# Exercise 3 - Getting Started with Experiments

So far, you've spent a lot of time setting up your Azure ML workspace; and you may be beginning to wonder what benefits this will bring to your day-to-day data science activities. Well, there are lots of benefits, which we'll explore in detail in later exercises; but for now, let's see how Azure ML can help track metrics from a simple experiment that uses Python code to examine some data.

> **Important**: This exercise assumes you have completed the previous exercises in this lab - specifically, you must have:
>
> - Created an Azure ML Workspace.
>
> If you haven't done that, go back and do it now - we'll wait!
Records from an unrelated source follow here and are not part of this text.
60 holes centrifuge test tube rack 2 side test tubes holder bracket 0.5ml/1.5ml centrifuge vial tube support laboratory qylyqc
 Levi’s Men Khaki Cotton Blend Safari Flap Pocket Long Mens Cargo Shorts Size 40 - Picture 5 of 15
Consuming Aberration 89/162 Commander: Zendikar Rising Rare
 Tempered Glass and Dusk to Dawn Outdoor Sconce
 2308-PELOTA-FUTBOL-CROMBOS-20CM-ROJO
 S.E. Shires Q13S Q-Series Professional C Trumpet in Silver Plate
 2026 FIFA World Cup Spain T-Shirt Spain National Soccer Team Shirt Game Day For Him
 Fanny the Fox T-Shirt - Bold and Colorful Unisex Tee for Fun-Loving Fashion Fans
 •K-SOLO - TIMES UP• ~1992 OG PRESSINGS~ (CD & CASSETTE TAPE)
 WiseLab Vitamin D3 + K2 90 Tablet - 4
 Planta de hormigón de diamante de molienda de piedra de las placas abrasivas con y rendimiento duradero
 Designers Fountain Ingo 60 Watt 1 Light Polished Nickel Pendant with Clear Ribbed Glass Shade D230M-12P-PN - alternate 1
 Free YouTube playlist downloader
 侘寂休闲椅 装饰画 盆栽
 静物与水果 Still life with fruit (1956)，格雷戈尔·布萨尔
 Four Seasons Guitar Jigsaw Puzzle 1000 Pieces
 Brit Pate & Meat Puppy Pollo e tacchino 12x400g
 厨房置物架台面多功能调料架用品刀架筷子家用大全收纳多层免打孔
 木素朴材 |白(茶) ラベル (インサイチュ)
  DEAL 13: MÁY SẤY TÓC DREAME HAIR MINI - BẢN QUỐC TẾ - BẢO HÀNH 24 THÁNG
## Task 1: Connect to Your Workspace

The first thing you need to do is to connect to your workspace using the Azure ML SDK. Let's start by ensuring you still have the latest version installed.

In [None]:
!pip install --upgrade azureml-sdk[notebooks]

import azureml.core
print("Ready to use Azure ML", azureml.core.VERSION)

Now you're ready to connect to your workspace.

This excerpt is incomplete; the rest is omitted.